CALGARY – He transformed a former feedlot property on the outskirts of Calgary into an international centre for horse show jumping.
He turned an upstart family utility trailer business into a global infrastructure empire, landing himself on Forbes magazine’s list of the world’s wealthiest people. And he put Alberta on the map as a mecca for economic insight, with his annual forum at Spruce Meadows that attracts business heavyweights from around the world.
As Ron Southern, 81, hosted his last annual meeting of ATCO Ltd. shareholders as chairman Wednesday, these are some of the accomplishments a few of his longtime colleagues, business associates and friends rhyme off as a tribute to the Calgary businessman.
Southern is taking another decided step back from the helm of his various businesses after having handed the operating reins of publicly traded ATCO more than a decade ago to daughter Nancy Southern – president, chief executive and deputy chairman of the board – and charge of Spruce Meadows to daughter Linda Southern-Heathcott, president of the family-owned operation.
Credited for vast corporate and philanthropic successes along with his wife Marg, Southern has been highly decorated with Canadian and international awards.
Wherever praise is bestowed on Southern for his business acumen, it’s inextricably tied to compliments for the rest of the family. Business, for him, has been a family affair.
“It is quite a family, quite a tribute to Calgary and Canada, in my opinion. He’s obviously a remarkable businessman,” said Paul Volcker, the 84-year-old former chairman of the U.S. Federal Reserve, economic adviser to President Barack Obama and longtime friend to Southern.
Volcker, who has offered his insight numerous times at the Spruce Meadows Round Table, said businesspeople from Canada and the United States flock to the event, a testament to Southern’s “dogged” pursuit of influential speakers. It’s now tough to get a seat in the place, he said.
People close to Southern say his ability to forge close, long relationships has served his career well, including in growing ATCO throughout the world from its Alberta base.
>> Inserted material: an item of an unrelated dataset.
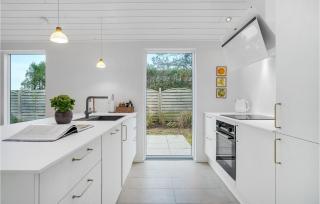 Stunning Home In Vejby With Kitchen - Vejby - 4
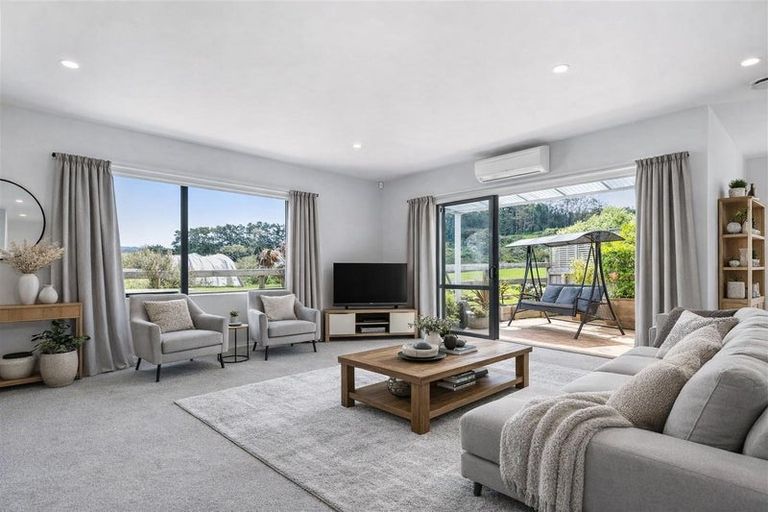 Photo of property in 68 South Kensington Way, Henderson, Auckland, 0612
ATCO, which has done business in more than 100 countries, has yet to break into China though Southern has been travelling there for about a decade to build contacts and learn the market, said former Bank of Canada governor David Dodge, a director on the board of ATCO subsidiary Canadian Utilities Ltd. who was standing for nomination to the ATCO board Wednesday.
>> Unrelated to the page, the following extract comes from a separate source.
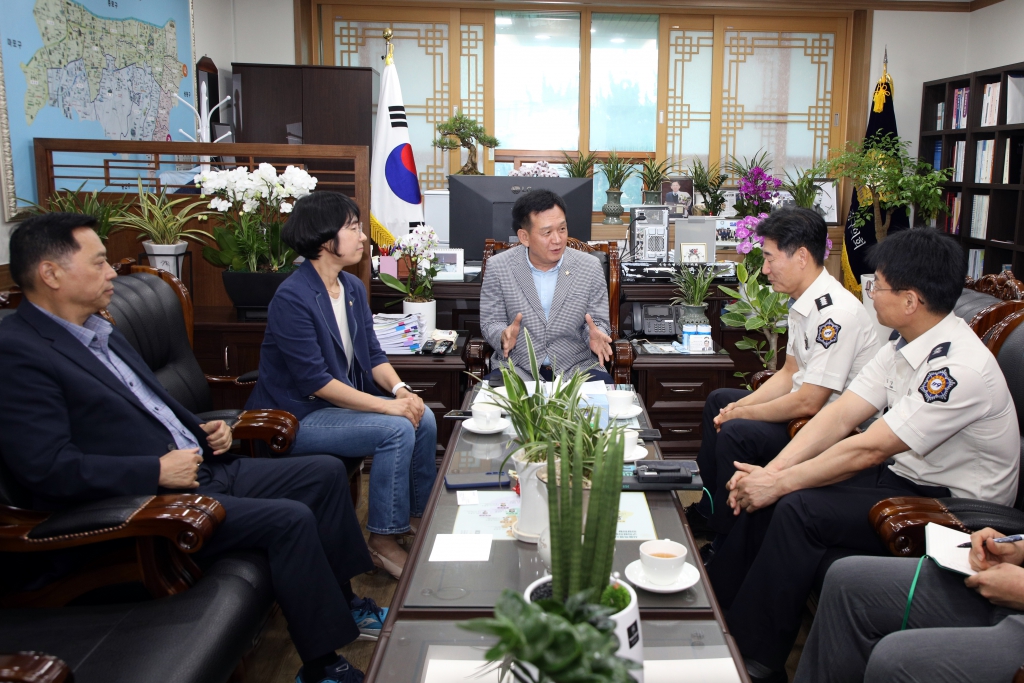 중부소방서장 의회 방문 이미지(1)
Dodge, who first spoke at the Round Table in 1990, named three qualities of Southern that stand out – his strong ethics, global perspective and tenacity in managing day-to-day operations of ATCO.
Following ATCO’s acquisition of a controlling stake in Canadian Utilities from IU International of Philadelphia in the early 1980s, interest rates soared above 20 per cent, and payments on the significant debt ATCO took on to repatriate the company created a period of “real struggle” during which the company had to save “every nickel,” Dodge said.
Just when ATCO was crawling out, it was walloped by another period of high interest rates in the 1990s and a poor business environment.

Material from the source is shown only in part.